> [Given entries]:
──────────
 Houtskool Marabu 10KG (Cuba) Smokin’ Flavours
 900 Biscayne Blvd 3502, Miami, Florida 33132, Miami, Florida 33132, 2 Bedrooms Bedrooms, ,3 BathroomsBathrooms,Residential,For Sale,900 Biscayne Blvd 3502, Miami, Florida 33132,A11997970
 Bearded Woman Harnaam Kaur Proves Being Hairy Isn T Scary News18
──────────
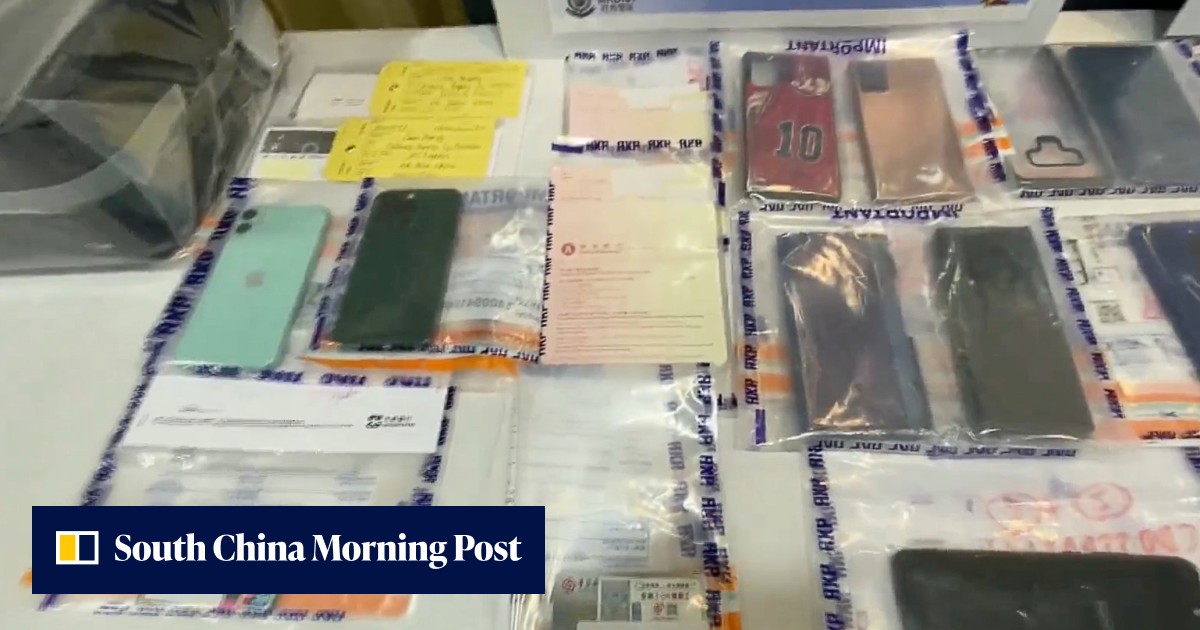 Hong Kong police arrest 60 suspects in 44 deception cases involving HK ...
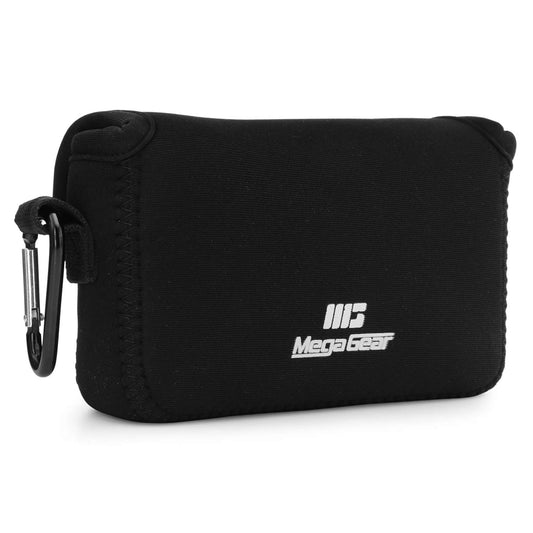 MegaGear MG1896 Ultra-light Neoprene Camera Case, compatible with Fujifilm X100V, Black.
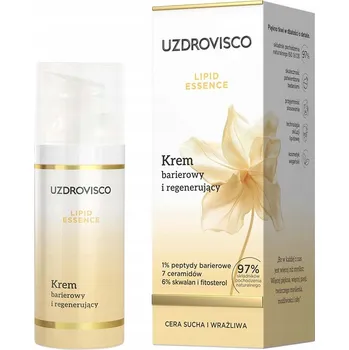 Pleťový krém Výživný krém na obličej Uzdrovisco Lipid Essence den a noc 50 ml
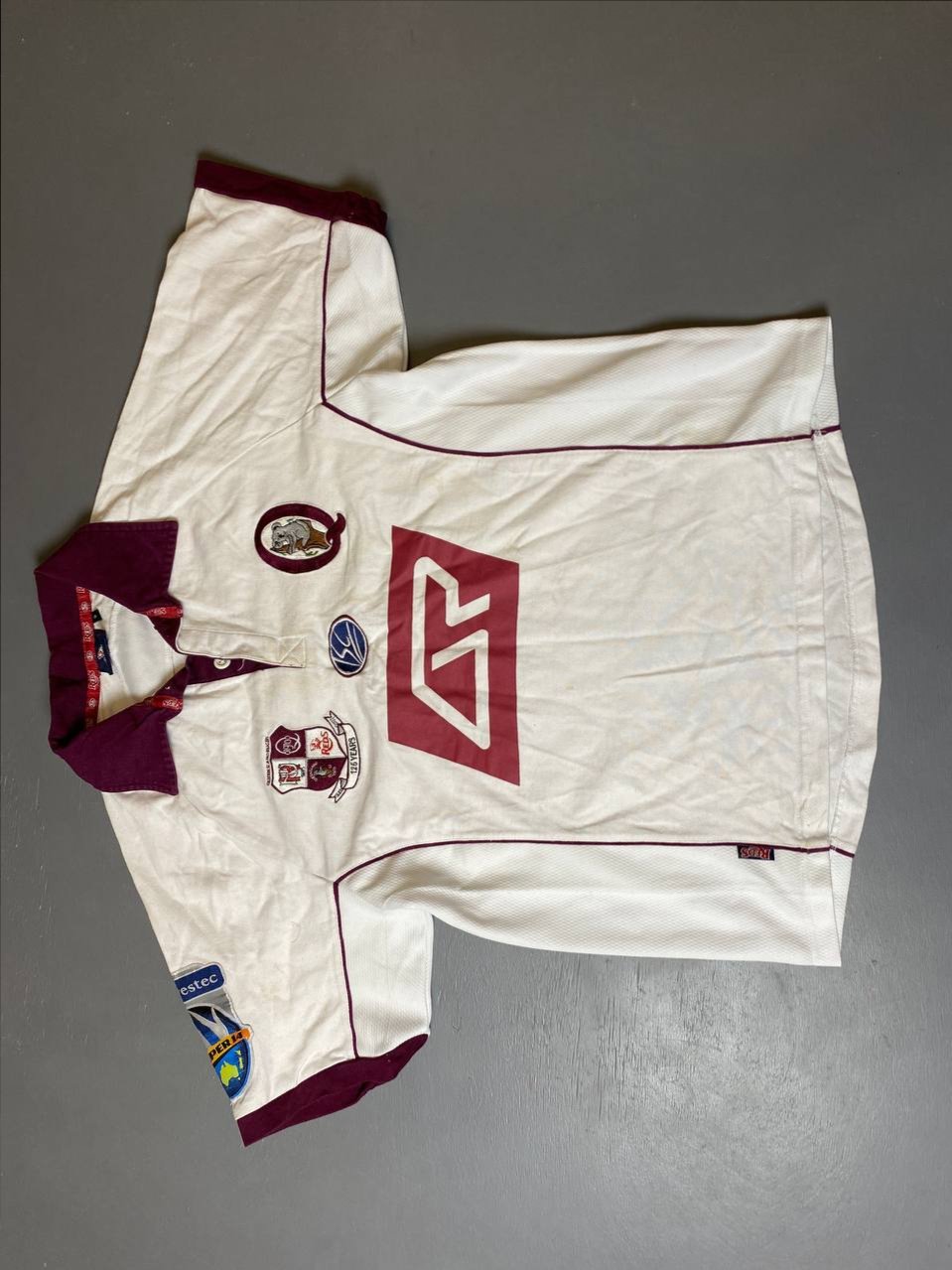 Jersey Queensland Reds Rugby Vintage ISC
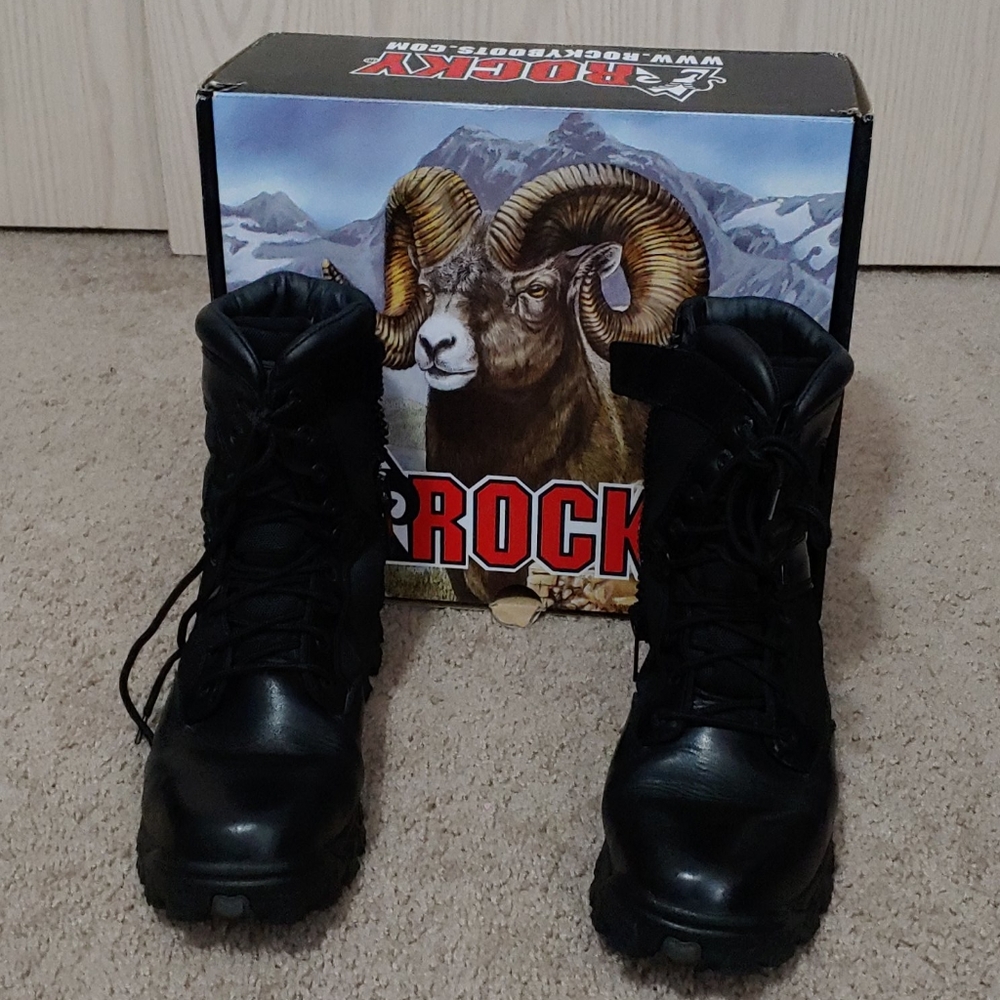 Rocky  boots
──────────
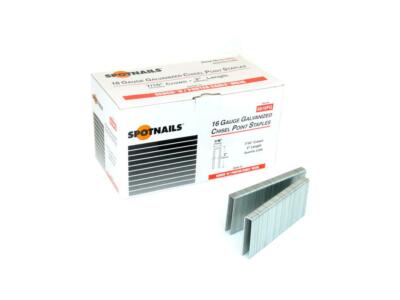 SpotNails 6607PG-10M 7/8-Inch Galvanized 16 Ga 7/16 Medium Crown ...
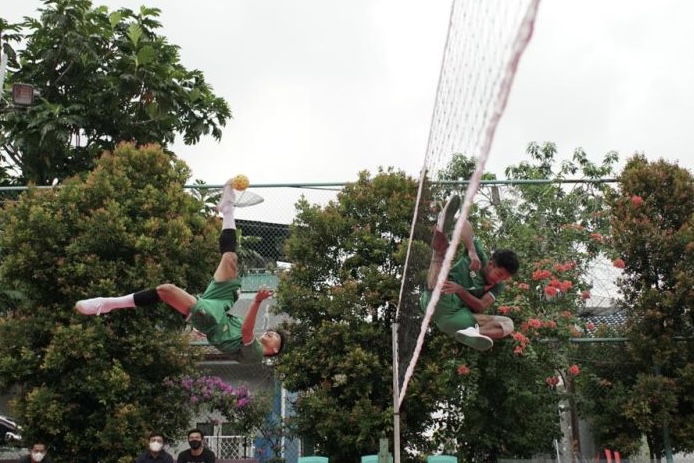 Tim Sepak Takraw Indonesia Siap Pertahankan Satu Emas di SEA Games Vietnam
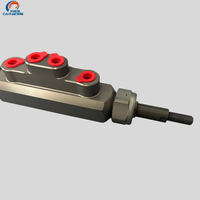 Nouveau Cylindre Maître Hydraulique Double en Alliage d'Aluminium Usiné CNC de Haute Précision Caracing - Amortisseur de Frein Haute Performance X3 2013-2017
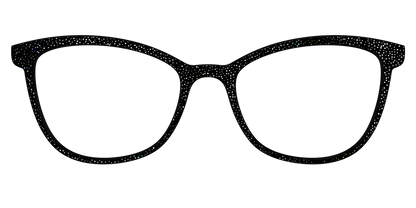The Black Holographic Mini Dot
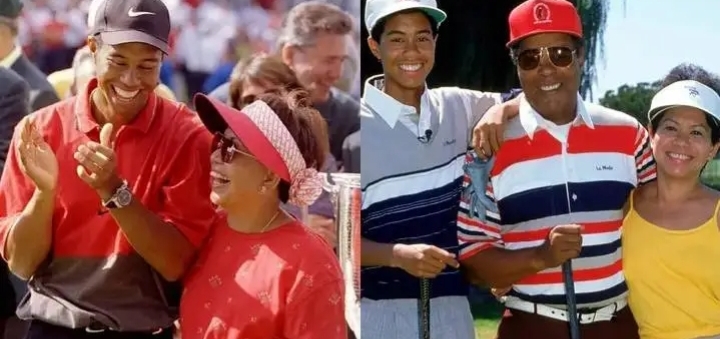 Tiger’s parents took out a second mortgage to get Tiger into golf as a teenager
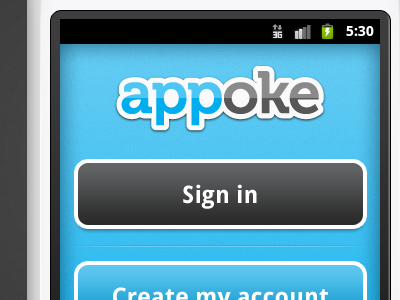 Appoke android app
──────────
> [About this task]: Once the line with "Houtskool Marabu 10KG" is found in the records above, print exactly that line and every line after it through the line with "Bearded Woman Harnaam".

> [Solution to this problem]:
 Houtskool Marabu 10KG (Cuba) Smokin’ Flavours
 900 Biscayne Blvd 3502, Miami, Florida 33132, Miami, Florida 33132, 2 Bedrooms Bedrooms, ,3 BathroomsBathrooms,Residential,For Sale,900 Biscayne Blvd 3502, Miami, Florida 33132,A11997970
 Bearded Woman Harnaam Kaur Proves Being Hairy Isn T Scary News18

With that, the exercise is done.